▸ PROBLEM
Please print, exactly, only the lines in the entries below from the line that has "27552 Berdun, Mission" through the line that has "バリー オーストリッチ バッグ B25110642". Pictures don't go in.

▸ DATA EXTRACT
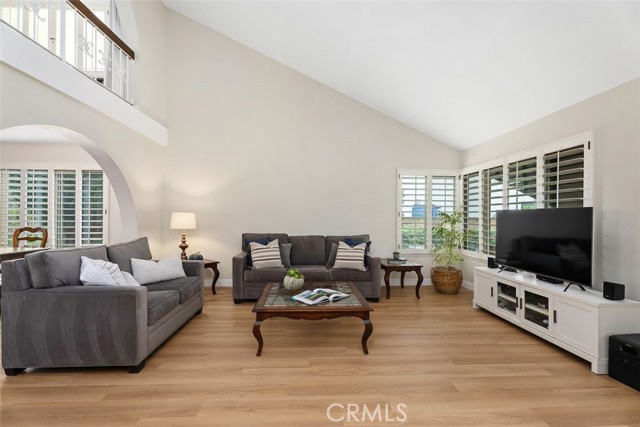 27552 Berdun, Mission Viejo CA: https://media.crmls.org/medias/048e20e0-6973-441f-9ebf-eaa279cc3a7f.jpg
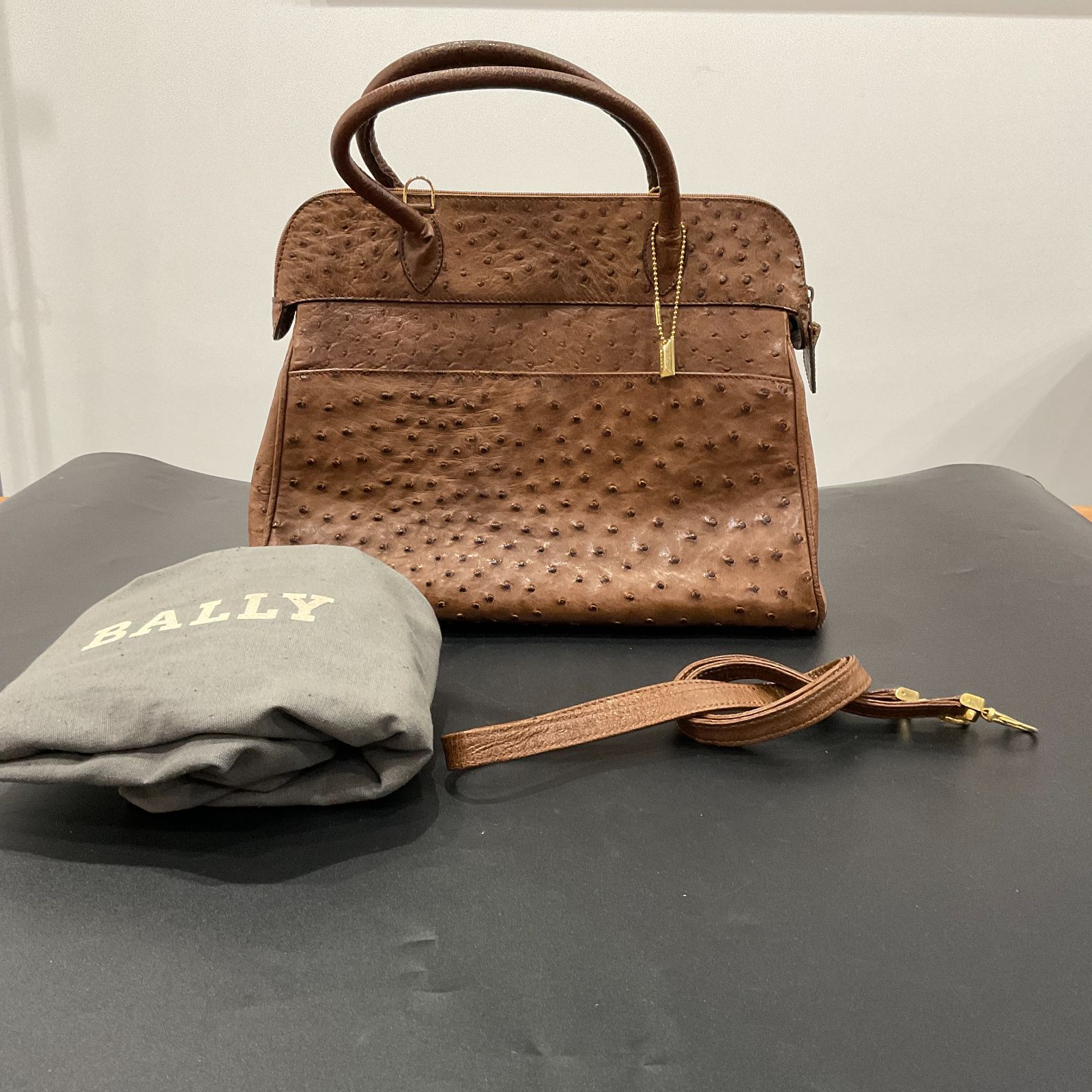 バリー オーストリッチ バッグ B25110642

---

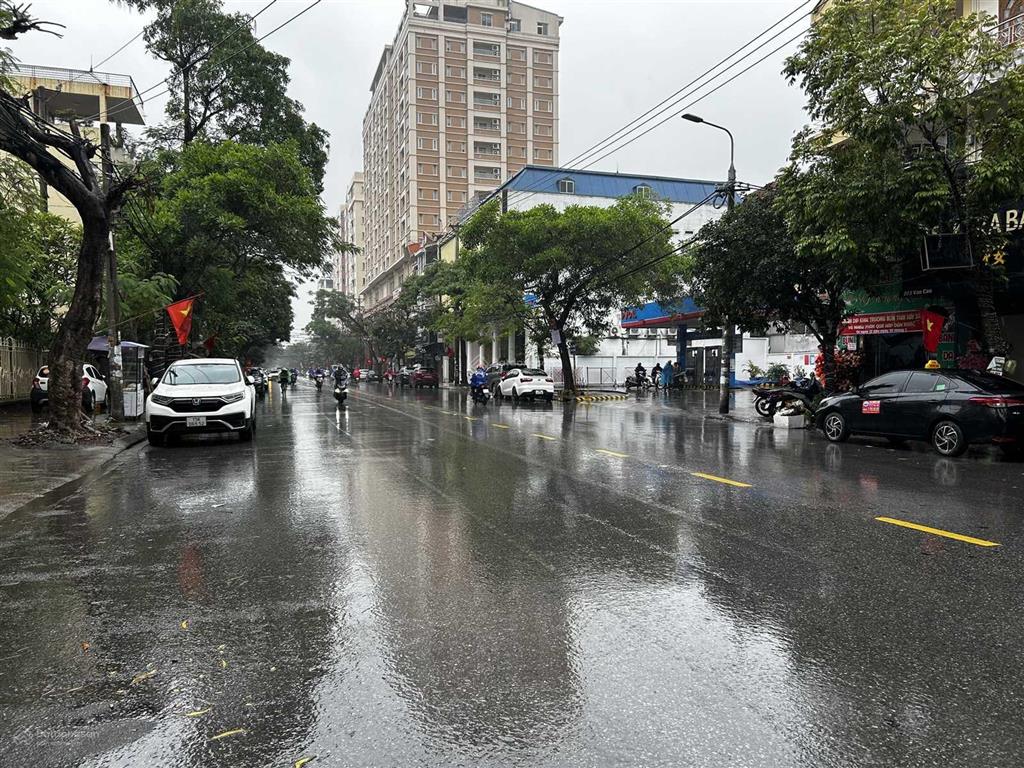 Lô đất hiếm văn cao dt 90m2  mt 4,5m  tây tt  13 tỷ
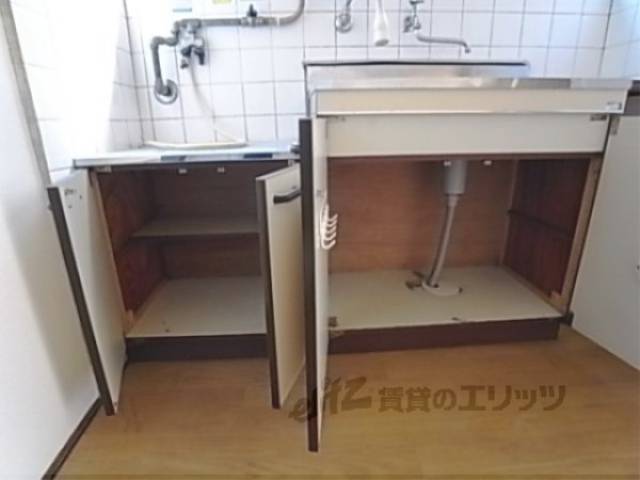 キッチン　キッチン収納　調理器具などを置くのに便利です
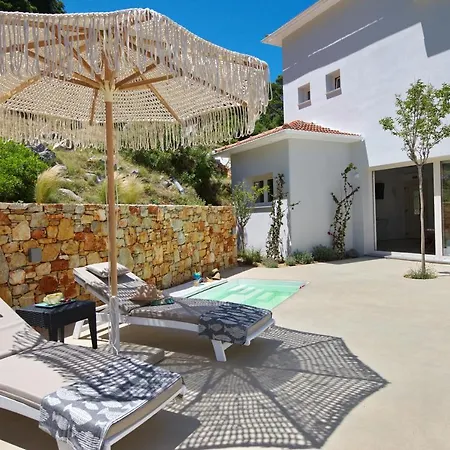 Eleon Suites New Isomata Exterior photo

==

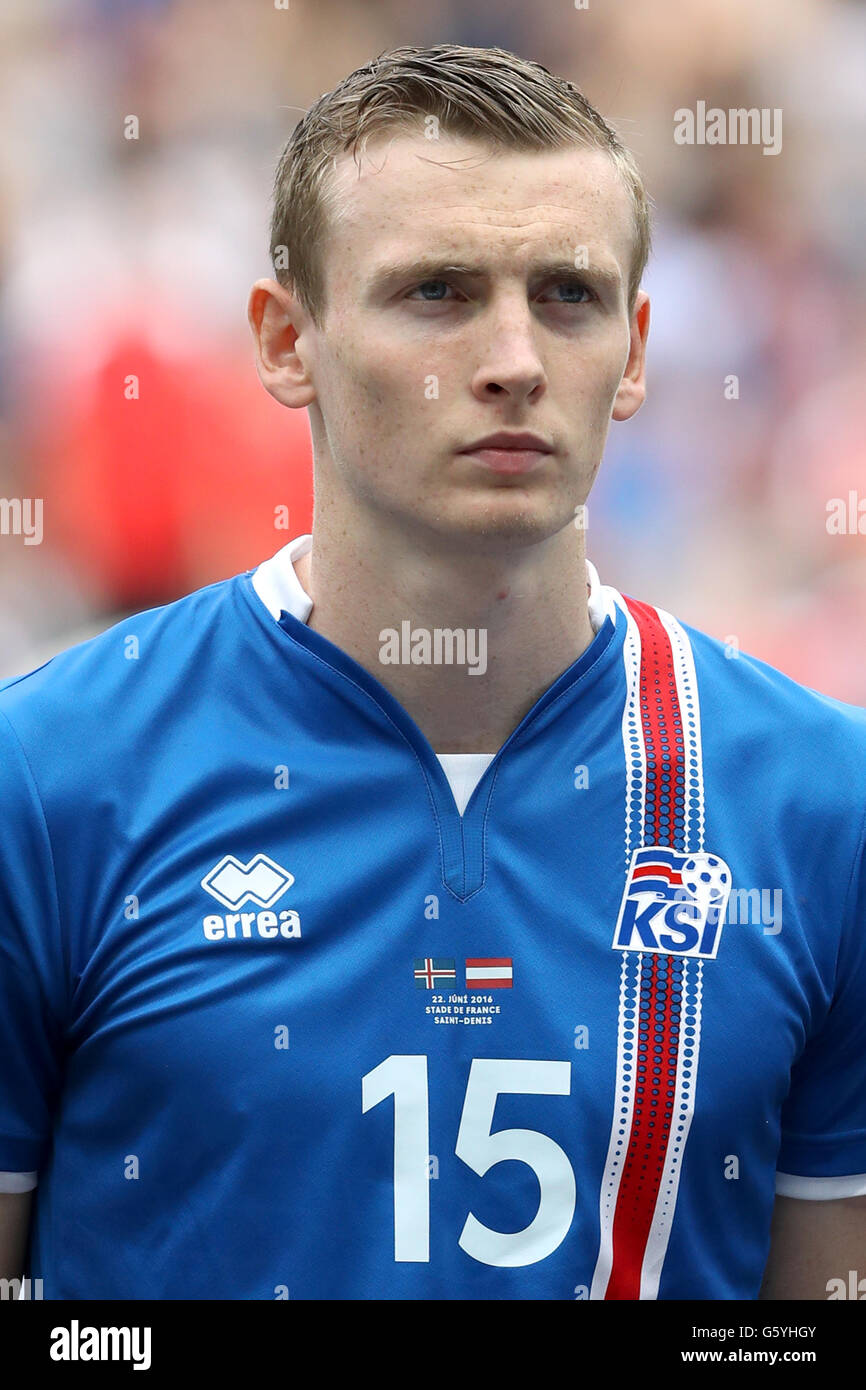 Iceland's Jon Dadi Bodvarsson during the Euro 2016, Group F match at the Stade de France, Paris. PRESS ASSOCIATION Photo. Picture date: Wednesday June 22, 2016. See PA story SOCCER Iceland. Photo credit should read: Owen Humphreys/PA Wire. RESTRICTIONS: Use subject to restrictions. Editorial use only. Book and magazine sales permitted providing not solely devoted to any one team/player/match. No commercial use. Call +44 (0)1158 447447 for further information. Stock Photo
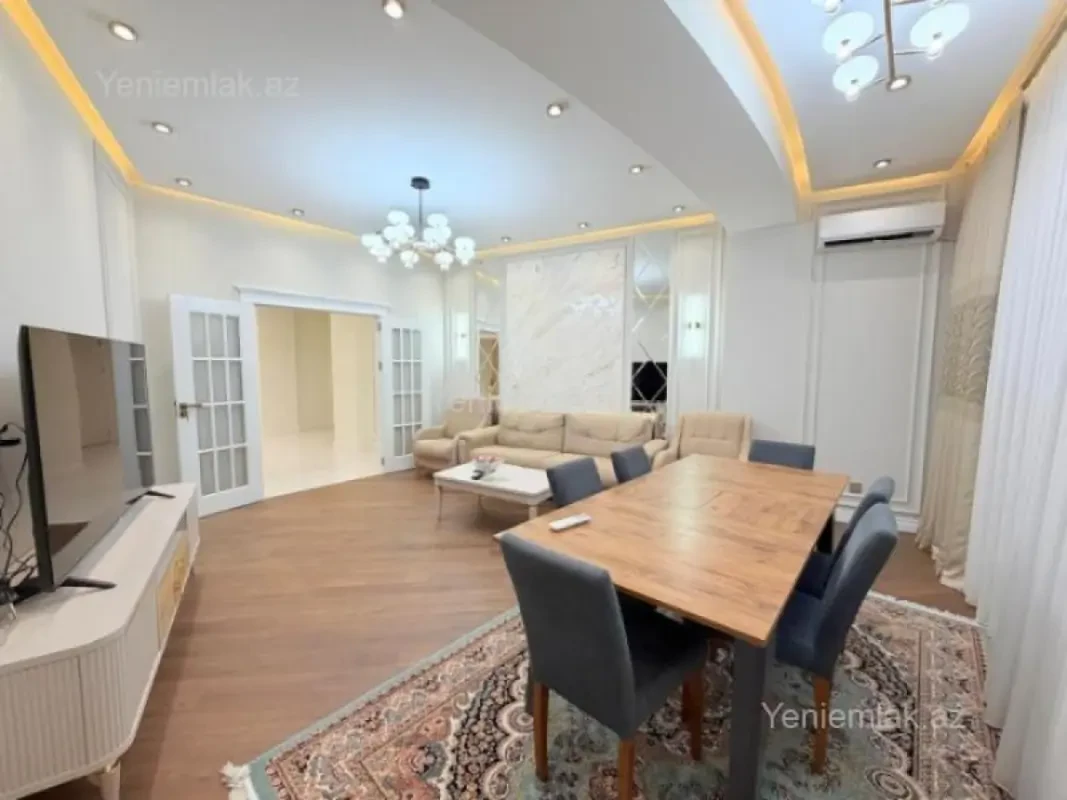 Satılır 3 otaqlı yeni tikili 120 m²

▸ SOLUTION
 27552 Berdun, Mission Viejo CA: https://media.crmls.org/medias/048e20e0-6973-441f-9ebf-eaa279cc3a7f.jpg
 バリー オーストリッチ バッグ B25110642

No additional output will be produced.